• **Exercise materials**

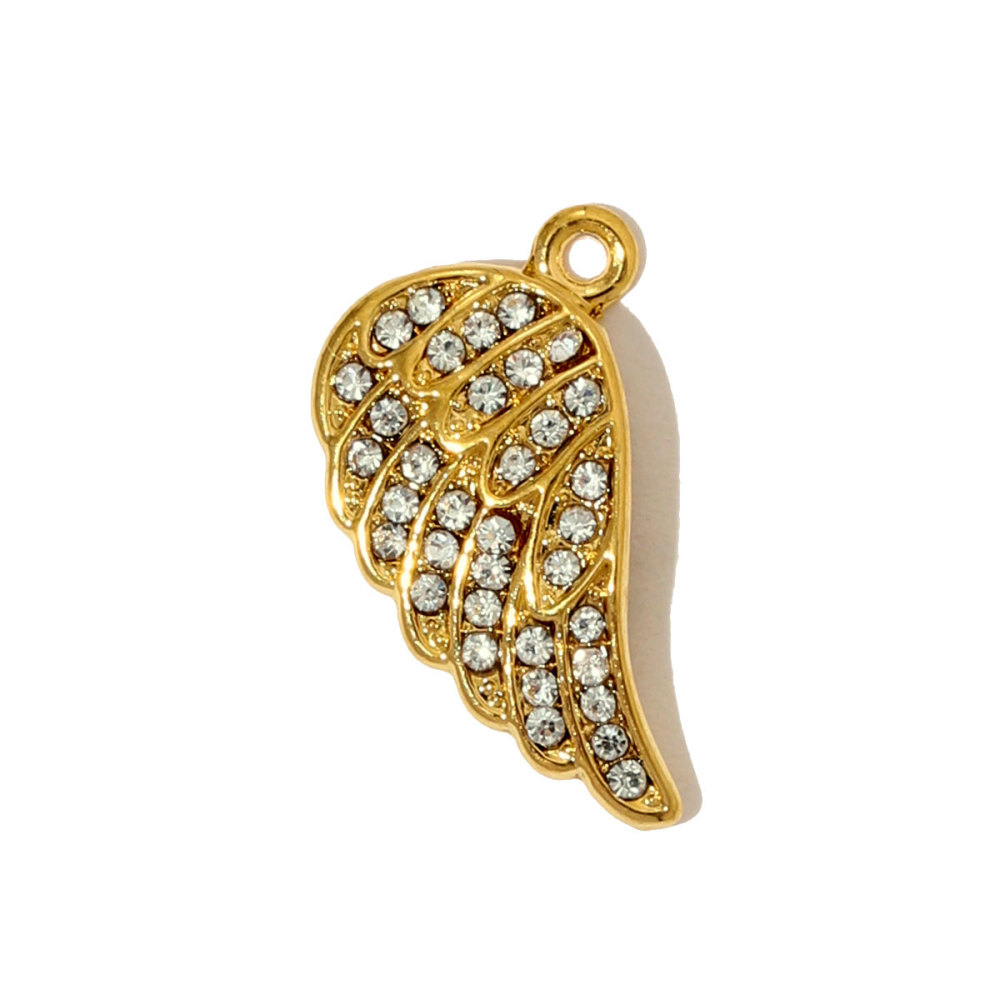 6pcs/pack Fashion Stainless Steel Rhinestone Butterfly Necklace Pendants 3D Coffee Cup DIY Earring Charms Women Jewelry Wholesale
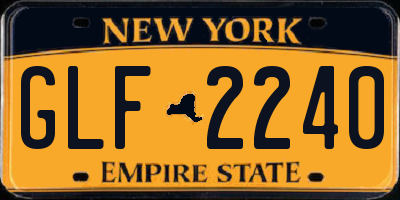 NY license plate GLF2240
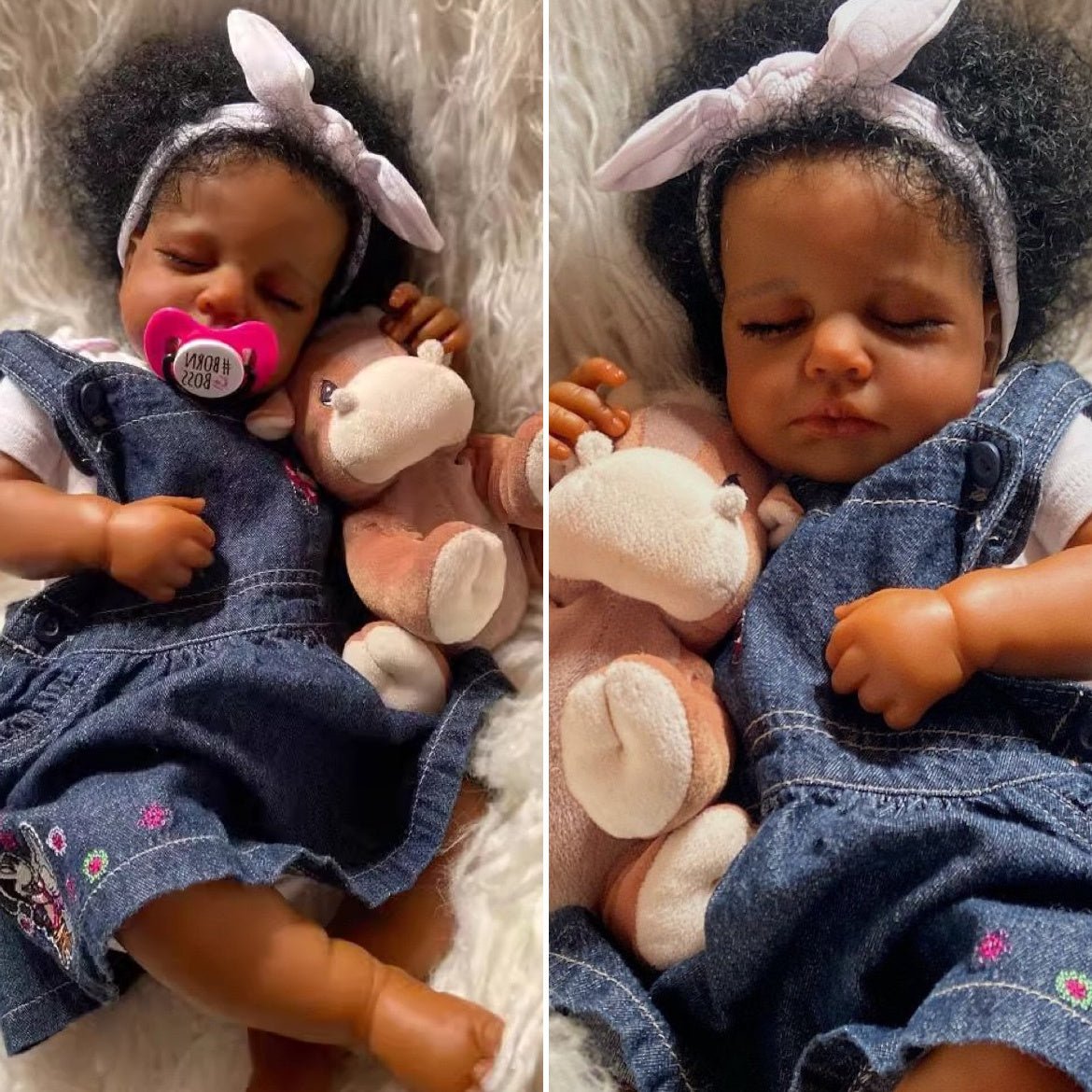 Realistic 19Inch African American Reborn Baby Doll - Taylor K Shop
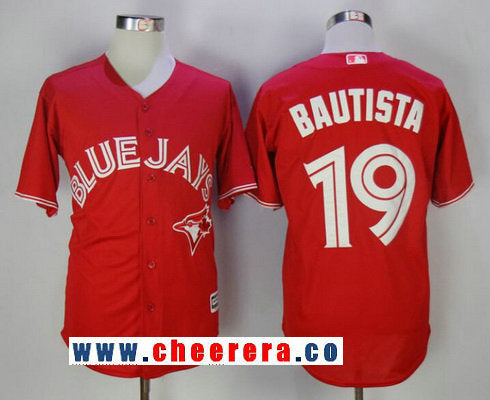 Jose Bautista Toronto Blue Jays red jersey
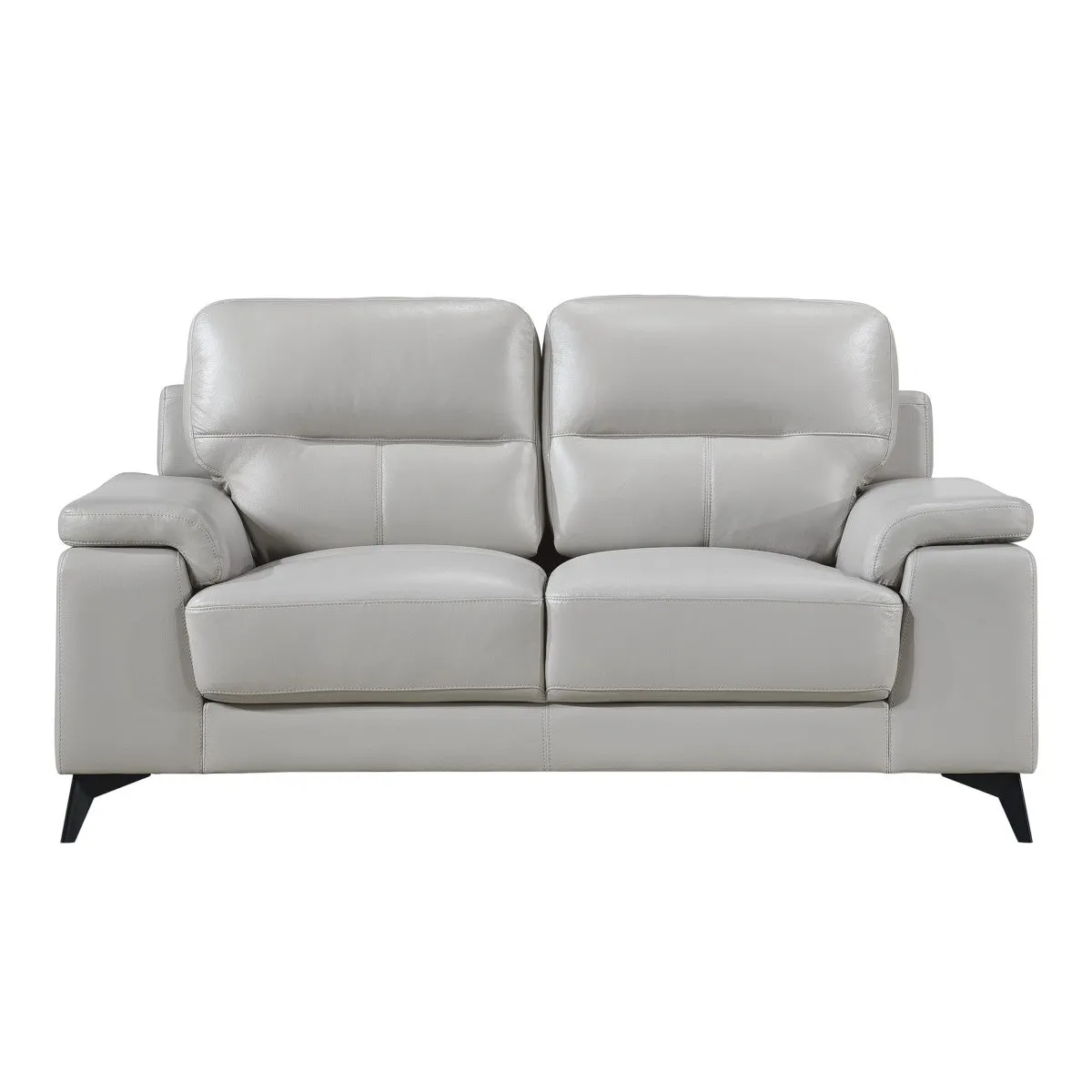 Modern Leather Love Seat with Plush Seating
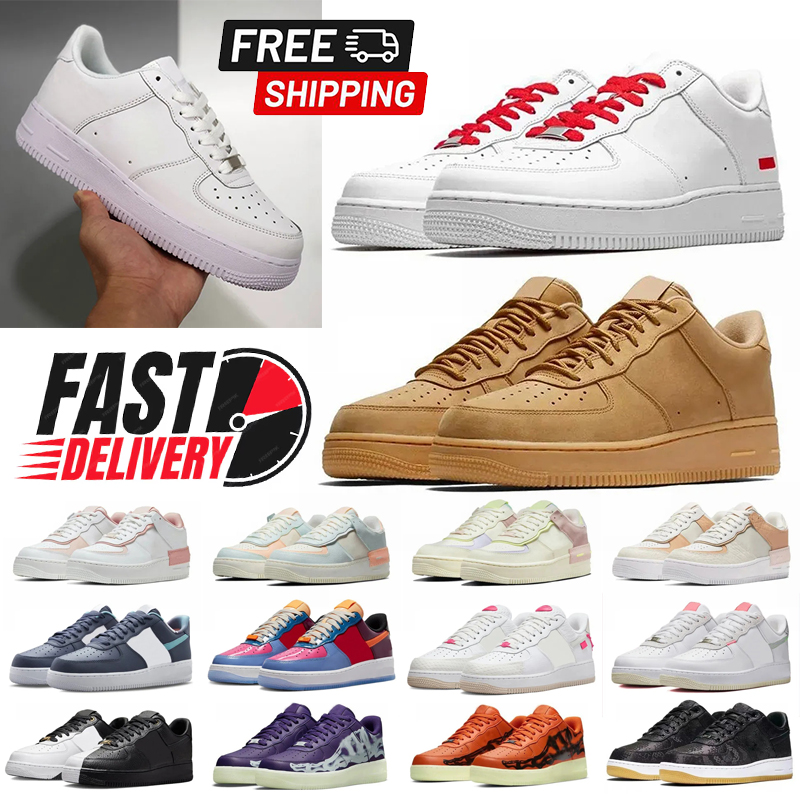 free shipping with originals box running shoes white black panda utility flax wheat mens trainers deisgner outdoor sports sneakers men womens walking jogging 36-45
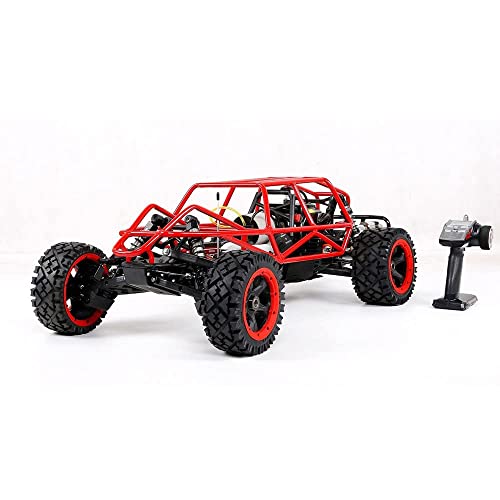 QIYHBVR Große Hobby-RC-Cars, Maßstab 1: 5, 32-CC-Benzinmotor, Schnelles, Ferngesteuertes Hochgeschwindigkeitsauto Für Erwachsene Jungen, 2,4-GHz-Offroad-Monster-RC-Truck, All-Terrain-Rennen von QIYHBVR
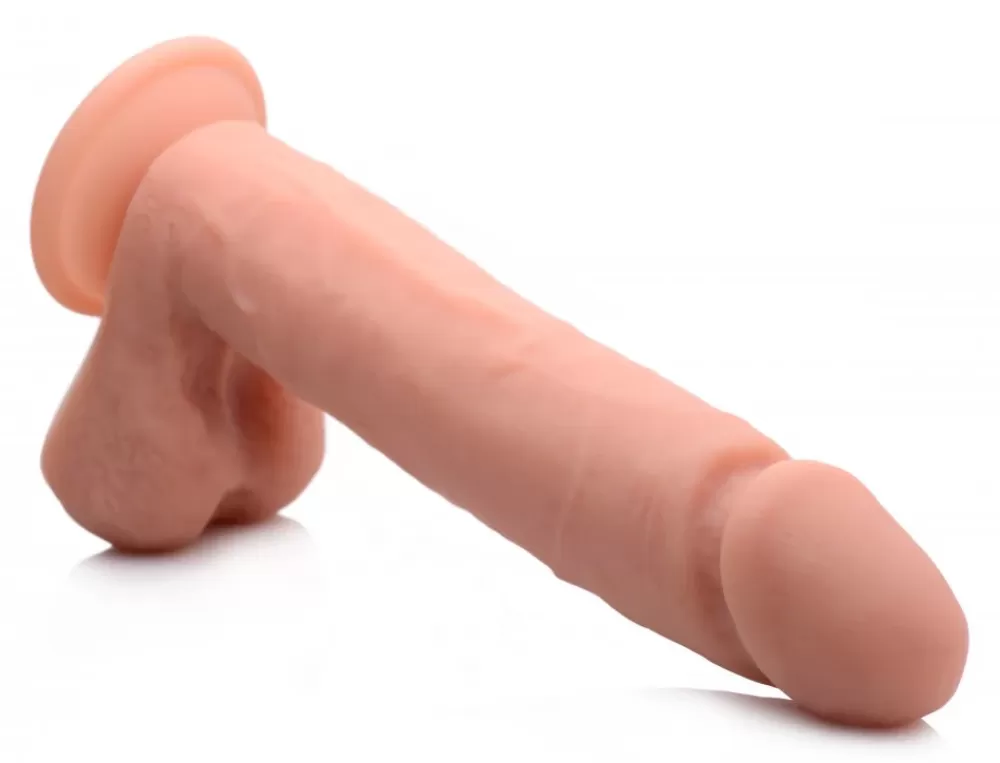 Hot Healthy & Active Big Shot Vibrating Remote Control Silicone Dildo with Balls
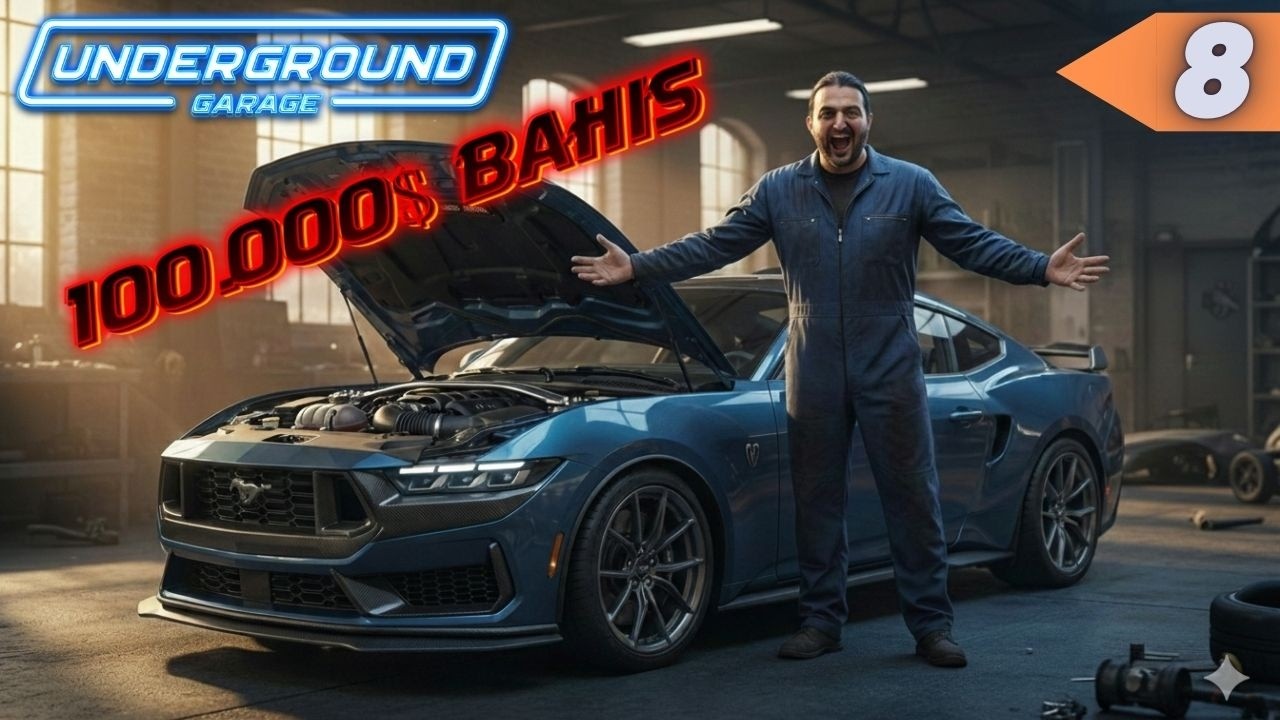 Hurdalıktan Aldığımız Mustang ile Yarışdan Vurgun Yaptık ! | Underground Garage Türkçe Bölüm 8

• **Exercise instructions**
Go to the line with "Modern Leather Love Seat with Plush Seating" in the entries above. Reproduce that line and each one after it to the end, exactly and without the pictures.

• **Exercise output**
 Modern Leather Love Seat with Plush Seating
 free shipping with originals box running shoes white black panda utility flax wheat mens trainers deisgner outdoor sports sneakers men womens walking jogging 36-45
 QIYHBVR Große Hobby-RC-Cars, Maßstab 1: 5, 32-CC-Benzinmotor, Schnelles, Ferngesteuertes Hochgeschwindigkeitsauto Für Erwachsene Jungen, 2,4-GHz-Offroad-Monster-RC-Truck, All-Terrain-Rennen von QIYHBVR
 Hot Healthy & Active Big Shot Vibrating Remote Control Silicone Dildo with Balls
 Hurdalıktan Aldığımız Mustang ile Yarışdan Vurgun Yaptık ! | Underground Garage Türkçe Bölüm 8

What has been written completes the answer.